Trial Lessons

Henry Akins on Injuries

Thu Oct
by Ronin Athletics Team

There is a risk of injury when you participate in any sport. In most cases, jiu-jitsu injuries are relatively minor. Following an intense sparring session, you will likely have minor bruises or scrapes. If you are just getting back into sports after years or even decades of living a more sedentary life, you will certainly experience soreness as you get back into shape. Stretching, cardio workouts, and supplemental weight training can help prepare your body for the rigors of jiu-jitsu and increase flexibility, thereby making strains and sprains less likely.

In addition to being in good physical shape, another way to avoid injuries is to train yourself mentally. For starters, this means using the techniques that you learn in class rather than trying to use brute strength to bulldoze or ground and pound your sparring partner. Secondly, it means practicing ego control. Sparring is about learning, developing skills, and refining technique, not winning. If your partner gets the best of you, let it go. Don’t overexert yourself and try to avoid getting tapped, as twisting and wrenching your body as you try to escape may lead to injury.

Third, there is no reason to always go 100%. As Henry Akins of Hidden Jiu-Jitsu notes in the below video, training is only useful when it achieves a certain level of intensity. “We’re training in an art that is designed to prepare us for combat, so there has to be a certain amount of toughness to it to simulate a real fight,” he says. However, redlining for every second of jiu-jitsu class is not efficient nor is it safe.

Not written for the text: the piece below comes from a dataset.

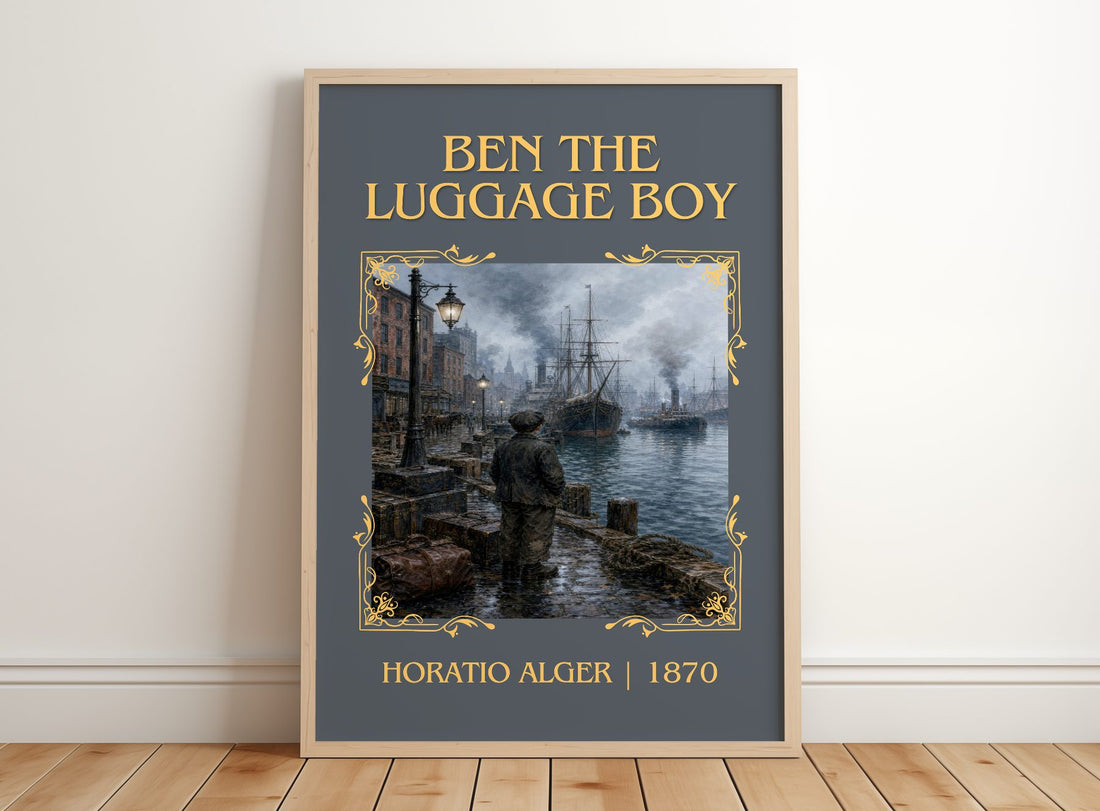 Ben The Luggage Boy Classic Book Art Print by Horatio Alger – framed print leaning on a wooden floor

What Should I Do If I Get Hurt?

If you notice that something doesn’t feel right, get off the mat. Playing through the pain can lead to more serious injuries. It’s not worth it when you’re just training, because it may mean more time on the sidelines. Moreover, staying on the mat and resting is not a great idea because there are people sparring around you and you don’t want them to trip over you.

Once you’re off the mat, take a few minutes to assess how severe the problem is. If the pain quickly goes away and you feel like you can go on, get back on the mat and continue training at a pace with which you feel comfortable. If the pain continues, someone at the gym should assess the issue and administer first aid if necessary. They will also tell you if you’re safe to continue training at your normal level of intensity, if you should take it slow, or if you should stay off the mat for the rest of the day.

If the injury feels more severe than just a bruise or a light sprain, you’ll want to go to a clinic. If you are not a trained medical worker, do not check yourself out on WebMD, ask Dr. Google for an opinion, or get a second opinion from Dr. ChatGPT. Go to an actual doctor and let them assess and treat you. This will ensure that you heal faster and don’t further aggravate the injury.

Can I Come to Class If I’m Hurt?

Yes, you can still come to class. In fact, you can still improve even if you are unable to train. As Henry explains, when you’re sparring, your focus rarely extends beyond you and your partner. This is true for all the other people in the class—they are concerned solely with their sparring partner. However, while this is happening, the instructor is usually walking around telling different people in the gym how to modify their technique to make it better. This is something you’re going to miss because you’re sparring with your partner.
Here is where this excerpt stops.